Trying to add tests for the code based on the example of input/output provided led to the following result: the behavior is not consistent : in particular the order of the elements in the returned list is not always the same.

The root cause for this is that we are using sets in the logic only to convert to list at the end.

A solution would be to return sorted(results) at the end. An alternative would be to just return a set instead of trying to convert to list.

Then, we get the following automated tests:

print(remove_invalid_parentheses("()())()") == {"(())()", "()()()"})
print(remove_invalid_parentheses("(a)())()") == {"(a())()", "(a)()()"})
print(remove_invalid_parentheses(")(") == {""})

It would make sense to try to rewrite it as unit-tests using a proper unit-test framework but I will stop here as this is enough for me to keep working.

More explicit loop

I tend to find loops based on for ii in range(ll - 1, -1, -1) very error-prone/hard to understand because of the number of tweaks on both sides of the range. I'd suggest a much more explicit alternative: for ii in reversed(range(ll)):.

Similar indices

As ii will go over ]ll, 0] which is ]len(s) - removed, 0], i will go over ]len(s), removed].

The difference between the indices is always removed, we have ii + removed == i: we can get rid of the i variable. We can take this chance to rename ii into i.

At this stage, we have:

def remove_invalid_parentheses(s):
    removed = 0
    results = {s}
    count = {"(": 0, ")": 0}
    for i, c in enumerate(s):
        if c == ")" and count["("] == count[")"]:
            new_results = set()
            while results:
                result = results.pop()
                for j in range(i - removed + 1):
                    if result[j] == ")":
                        new_results.add(result[:j] + result[j + 1:])
            results = new_results
            removed += 1
        elif c in count:
                count[c] += 1
    count = {"(": 0, ")": 0}
    ll = len(s) - removed
    for i in reversed(range(ll)):
        c = s[i + removed]
        if c == "(" and count["("] == count[")"]:
            new_results = set()
            while results:
                result = results.pop()
                for j in range(i, ll):
                    if result[j] == "(":
                        new_results.add(result[:j] + result[j + 1:])
            results = new_results
            ll -= 1
        elif c in count:
                count[c] += 1
    return results


print(remove_invalid_parentheses("()())()") == {"(())()", "()()()"})
print(remove_invalid_parentheses("()())))()") == {"(())()", "()()()"})
print(remove_invalid_parentheses("(a)())()") == {"(a())()", "(a)()()"})
print(remove_invalid_parentheses(")(") == {""})
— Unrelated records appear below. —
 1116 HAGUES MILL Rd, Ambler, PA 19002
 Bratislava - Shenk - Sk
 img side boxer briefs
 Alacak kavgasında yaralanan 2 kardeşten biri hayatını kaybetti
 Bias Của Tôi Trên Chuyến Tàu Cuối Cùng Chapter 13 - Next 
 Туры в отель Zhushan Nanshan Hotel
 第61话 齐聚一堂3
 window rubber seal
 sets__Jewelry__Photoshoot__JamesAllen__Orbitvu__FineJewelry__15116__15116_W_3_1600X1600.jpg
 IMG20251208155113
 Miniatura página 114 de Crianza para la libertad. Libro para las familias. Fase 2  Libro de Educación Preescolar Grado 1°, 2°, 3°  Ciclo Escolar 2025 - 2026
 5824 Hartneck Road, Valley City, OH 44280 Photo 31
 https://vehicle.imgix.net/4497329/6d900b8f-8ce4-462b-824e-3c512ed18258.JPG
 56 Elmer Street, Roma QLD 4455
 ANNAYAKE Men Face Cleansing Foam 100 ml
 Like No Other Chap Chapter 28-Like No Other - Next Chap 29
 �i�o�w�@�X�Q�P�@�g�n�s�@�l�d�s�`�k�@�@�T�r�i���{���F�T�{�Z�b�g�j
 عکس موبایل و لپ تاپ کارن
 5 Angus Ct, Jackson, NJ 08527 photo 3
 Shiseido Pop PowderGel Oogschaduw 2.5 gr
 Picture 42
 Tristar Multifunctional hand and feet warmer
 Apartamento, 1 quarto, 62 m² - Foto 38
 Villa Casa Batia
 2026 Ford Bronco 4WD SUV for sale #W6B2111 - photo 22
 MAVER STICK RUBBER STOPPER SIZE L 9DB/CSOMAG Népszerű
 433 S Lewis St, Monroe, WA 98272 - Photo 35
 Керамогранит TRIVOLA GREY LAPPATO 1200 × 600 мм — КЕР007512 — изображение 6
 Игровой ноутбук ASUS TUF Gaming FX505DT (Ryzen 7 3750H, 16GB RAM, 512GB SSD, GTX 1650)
(I took this chance to add a new test case)

More explicit loop again

We want to iterate in reversed order over the beginning of the s string. Here again, we can try to make things more explicit and remove some computation as we go:

    for i, c in enumerate(reversed(s[removed:])):
        if c == "(" and count["("] == count[")"]:
            new_results = set()
            while results:
                result = results.pop()
                for j in range(len(s) - i - removed - 1, ll):
                    if result[j] == "(":
                        new_results.add(result[:j] + result[j + 1:])
            results = new_results
            ll -= 1
        elif c in count:
                count[c] += 1

In order to test this more throughly, I took this chance to add the following test case:

print(remove_invalid_parentheses("((((((((()(") == {"()"})

More beautiful loops

Instead of using a combination of while and pop to iterate over the elements of a set, you can just use for:

        for result in results:

Work in progress: I have to go. I may continue in the future.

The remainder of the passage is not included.